Day Fifty One

And just like that, we’re in wine country.  One moment we’re hurtling though dusty arid plains, with admittedly the occasional burst of colour thanks to fields of sunflowers, and the next, we’re surrounded by the vines of the La Rioja region.

The soil has changed, no longer russet now a paler limestone tone, reminiscent of France’s vine growing areas.  Vines are planted in wide rows and it’s clear from their uniform shape that they are machine trimmed to absolute precision.

We’ve arrived on a Saturday which unlike our cellar doors back home, isn’t a particularly busy day for tastings.  Most of the local vineyards close at 2 pm and aren’t open on Sundays but there are still a few busily serving.  

The modus operandi is a little different here: you don’t line up at a bar for tasting, you take a seat instead, in a pleasant courtyard or showroom and the tasting comes to you, along with a personal commentary on each wine.   The tasting consistents of the full complement of wine of the vittner has on offer.  

Most interesting is a key difference in wine making, in that Spanish wines are not designed to be aged in the bottle beyond production.   Differences in taste and flavour are manipulated through the nature of the grape used and length of time in oak whether French or American: the latter offers a faster maturation period given that the wood is more porous than French oak. 

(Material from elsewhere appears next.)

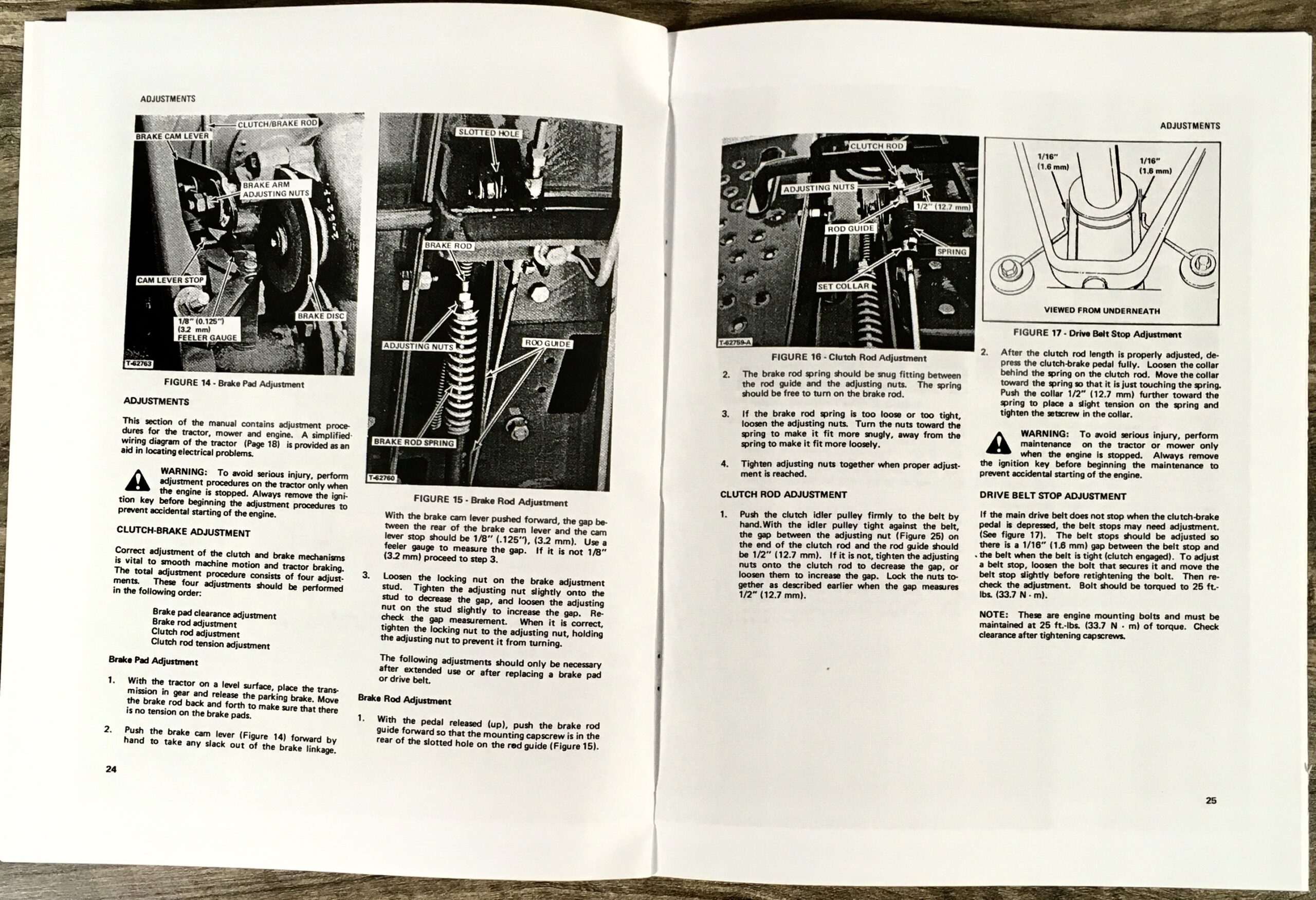 Allis Chalmers 600Lt Series Lawn Garden Tractor Operators Manual 608LT 611LT - Image 5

Age in the bottle prior to the vintage being released also plays a part, but many wines spend only around a year in the bottle prior to being released, unless they are crianza, which are aged for at least two years in the bottle prior to release. The results are fresh and vibrant wines, eminently drinkable.

We also learn the correct meaning of the word Bodegas: it means proprietor.  The name of the vitner hangs proudly over each cellar door.  Our Bodegas is Edos de Gomez Cruzado, whose family has been producing wine on this site from 1886.

Now, we’ve drunk our fair share of Spanish wine and virtually all of it has very good, but the wines we taste today are on another level.  Flavours are deeper, but still fresh and bright, lightly oaked, fruit very much the star.  I’m a big fan of this style of wine, disliking the musty flavours of overly aged wine or the sharp tannins of some which, in my opinion, render them undrinkable.  

It’s a pleasant way to spend an afternoon, sipping wine and learning about a new wine culture from our knowledgeable host.   There’s a limit though to how much one can drink and still drive, so eventually we have to carry our stash back to the car and be on our way. 

We drive a little further towards the mountains before stopping for the evening by a river, near a mediaeval bridge.  Now disused, it’s surrounded by fig and walnut trees and wild blackberry bushes. The local birds have a great pantry here. 

 Time to see if those reds are holding their flavour.  I’m pleased to report, they are, along with an excellent Gouda (oops, wrong country) and an oregano spiced chorizo.  Do love nibbles at end of day here.  

Start of day goes to this enormous bully, overlooking our adventures in the road.